I want to die a very deliberate person.
I read a book to my daughter as she fell asleep after swimming in the only kind of water you can have for the first swim of the year in an inflatable pool.
It was cold. 70 degree water 89 degree air, with a generous breeze, Charlotte splashed around for thirty minutes before she clammed up her blue lips and shivered out the word "go".
She went from cold to lukewarm to cozy on my chest when we got inside. In her rocking chair we read Little Dog About Town: An Evansville Tail written by Lanea Stagg and illustrated by Jon Fuchs.She was asleep before the story ended.
I thought that I should reach out to the author and illustrator to talk about my hometown of Evansville and to tell them how great it felt to read a book to my kid that was written about it. Then I thought about how I might not, and how I might forget, or how I might think that it's not such a good idea a few days from now. So I resolved to write something about ideas like such as that in my planner. A planner I'm not very consistent about writing in or using.
I grew up with ADHD, and it never quieted down. I did really well in elementary school so I guess it threw my parents off of thinking that I may have needed some help. My parents divorced when I was in the fourth grade. My dad stayed in Evansville, always nearby, but the level of attention payed to our academic success and any sort of coordinated parental effort to optimize that performance was lost with their union.
There was no structure at home. We'd lost our floor general. Me and my brothers exhibited ADHD behaviors that overwhelmed my mother who seemingly struggled with the condition as well.
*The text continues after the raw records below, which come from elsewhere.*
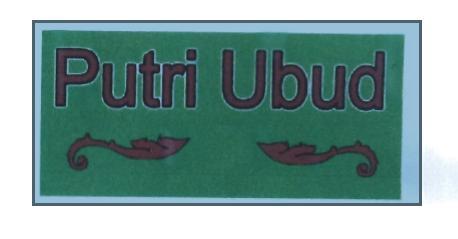 Trademark PUTRI UBUD SPA + LOGO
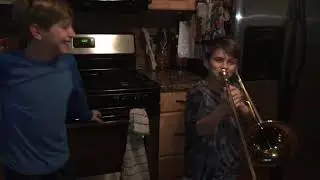oven kid (GONE WRONG)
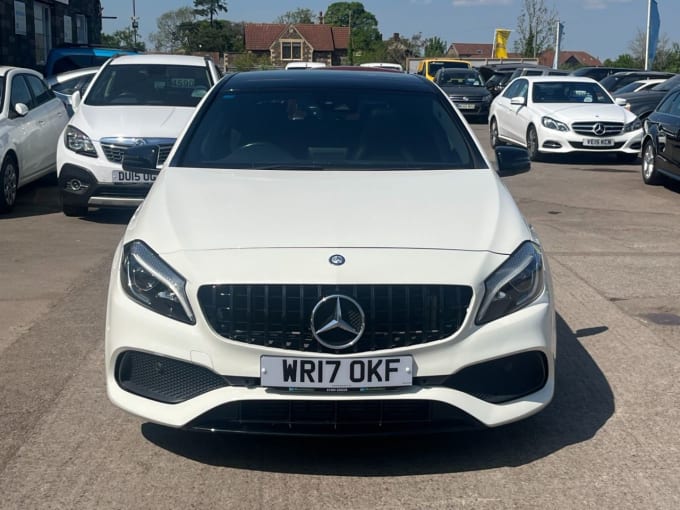 2025 Mercedes-benz A-class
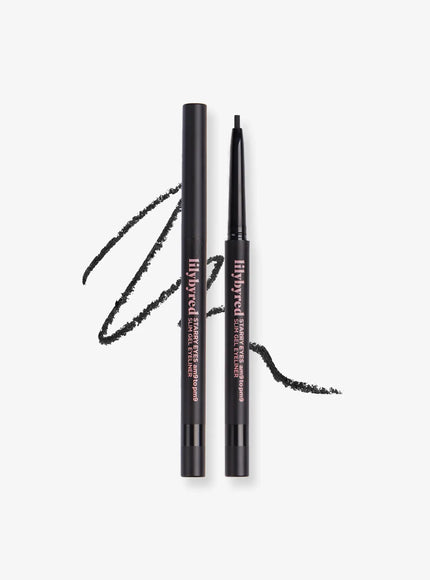 Starry Eyes Am 9 To Pm 9 Slim Gel Eyeliner (0.14g)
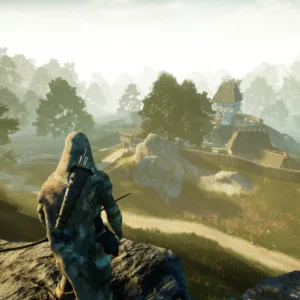 Robin Hood - Sherwood Builders & Thief Simulator [PS4,&nbsp;PS5] - изображение 4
Middle school came. Math was stupid. I could just daydream about girls instead. I would forget a book for class everyday. I always forgot my English book and my teacher gave me hell for it. I remember fear splashing me every time I realized that I was bookless while heading out the double doors towards Mrs. Streiter's mobile classroom.
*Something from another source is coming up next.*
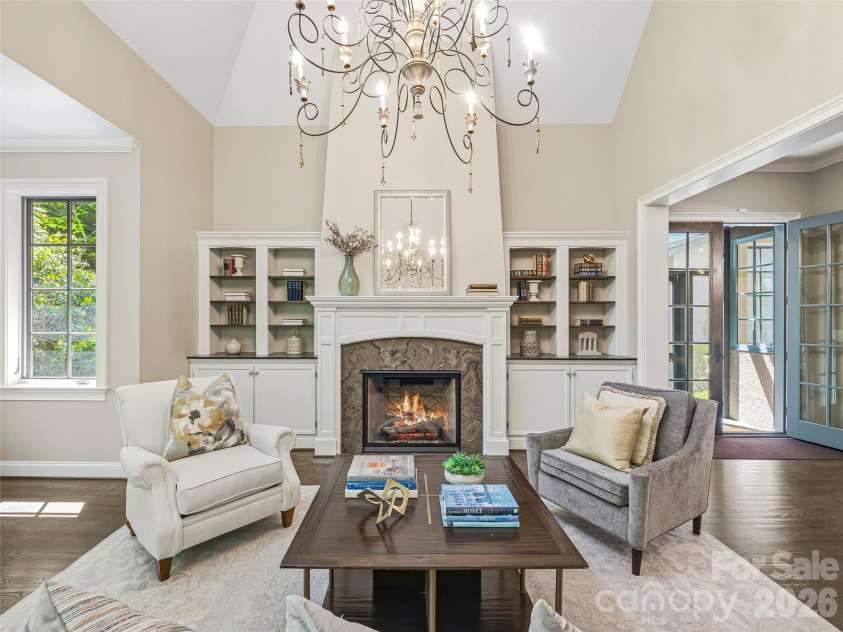 732 Streamside Drive, Arden, NC 28704.  MLS# CAR4366321, YatesRealty ID 20459.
The most peculiar thing about this, and many other similar but unspecified rapid fire blunders that have riddled my life, is that I hated the outcome of forgetting that book, but I never even thought to come up with some sort of strategy to keep it from happening. Or at least happening as often. You know, a routine?
It was like getting slapped in the face at a regular interval without thinking to block, or leave the room, or move at all.
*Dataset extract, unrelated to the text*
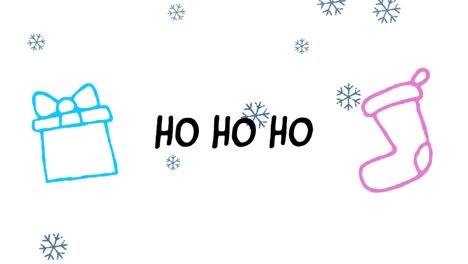 Ho-ho-ho-written-on-white-background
We all want some structure. I definitely do, but it's so hard to build myself. I often get to feeling hopeless about it, and I'm sure a lot of other people with some kind of executive function abnormality feel the same way.
What I'm writing right now seems gloomy, I know it does, but I'm writing this because I did think to write in my planner. For the first time I'm consistently thinking about planning for life. For the last week and a half I've made a checklist of daily talks, and for the most part, I've been checking them off.
I'll tell you what I was going to write in my planner. I was going to write it there but I can do it right here instead.
Do the thing you think might be a good idea before you have the time to do nothing at all instead. That's only if it's as low stakes as reaching out to an author of a book you just read. Don't not do things only because you let time pass between when you thought you should do them and now. That's a silly reason.
I want to be deliberate. I heard from an audio book that Benjamin Franklin kept a diary with a matrix of parameters. One of the things he did in this diary was score himself on those parameters everyday. I don't know if that's a true story, and I don't care what was on his matrix. I just admire that level of dedication to spending time towards things that matter.
I want to be that deliberate and I want to die that way. With a plan laid for the next day, even though I won't be alive enough to execute it. I want to my time as efficiently as possible, so that, in my free time, I can enjoy the moment without a vague cyclone of things I should have accomplished whirring through my brain.
I'm going to email the Author of Little Dog About Town: An Evansville Tail and I'm going to email the illustrator. Because I planned to do it, it's fresh in my mind, and it's a low stakes task. Life is too short to not try to contact people who've made art about Evansville Indiana. Has anyone seen my planner?